Congratulations to Allison Wing Shan Man
Allison Wing Shan Man successfully defended her PhD thesis "Galaxy Evolution Over the Past Eleven Billion Years: Mergers and Quiescence" on Wednesday 17 December 2014. Allison has been working at DARK with supervisors Sune Toft and Andrew Zirm.
An intriguing population of distant red galaxies, only visible with deep near-infrared observations, was discovered a decade ago. They are the most massive and evolved galaxies at early epochs, which have undergone a rapid build-up of stellar mass followed by a short-lived, effective phase of star formation quenching. Curiously, their stellar mass surface densities are an order of magnitude higher than their local counterparts, containing 10^11 solar masses within a radius of only 1.5 kpc. Such dense galaxies are very rare in the local Universe, therefore they must have grown significantly in size over the past eleven billion years to become present-day giant ellipticals.
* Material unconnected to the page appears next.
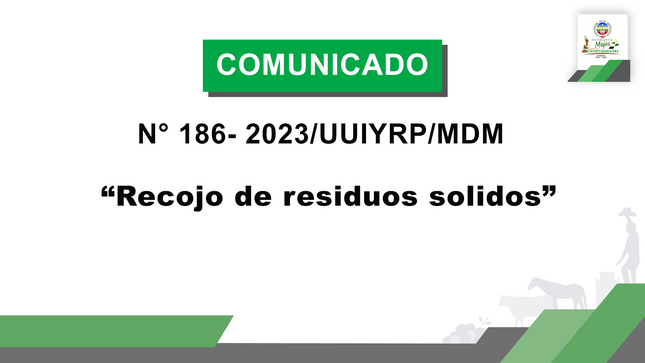 Archivo PNG, Comunicado 186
Despite the wealth of observations, the dominant physical mechanisms driving the evolution of quiescent galaxies are still fiercely debated. Is galaxy merging a primary channel in evolving the sizes and stellar masses of quiescent galaxies? Are quiescent galaxies truly passive, or their stellar populations are in fact not old but reddened by dust? I will discuss the findings from my PhD thesis during the defense. Firstly, I will present the latest galaxy merger rate measurements out to z=3. I conclude that galaxy merging can account for the stellar mass growth of massive quiescent galaxies, but can only account of half of the observed size evolution at most. Secondly, I will present a stacking analysis of the mid-, far-infrared and radio data for quiescent galaxies. I confirm that quiescent galaxies, which are selected to have modest dust-unobscured star formation rates, do not host significant dust-obscured star formation. This confirms the existence of a population of quiescent galaxies out to z=3, and corroborates the need for quenching mechanisms. Additionally, the stacked radio flux densities exceed the expectation from the total star formation rates, indicating a widespread presence of low-luminosity radio active galactic nuclei among massive quiescent galaxies.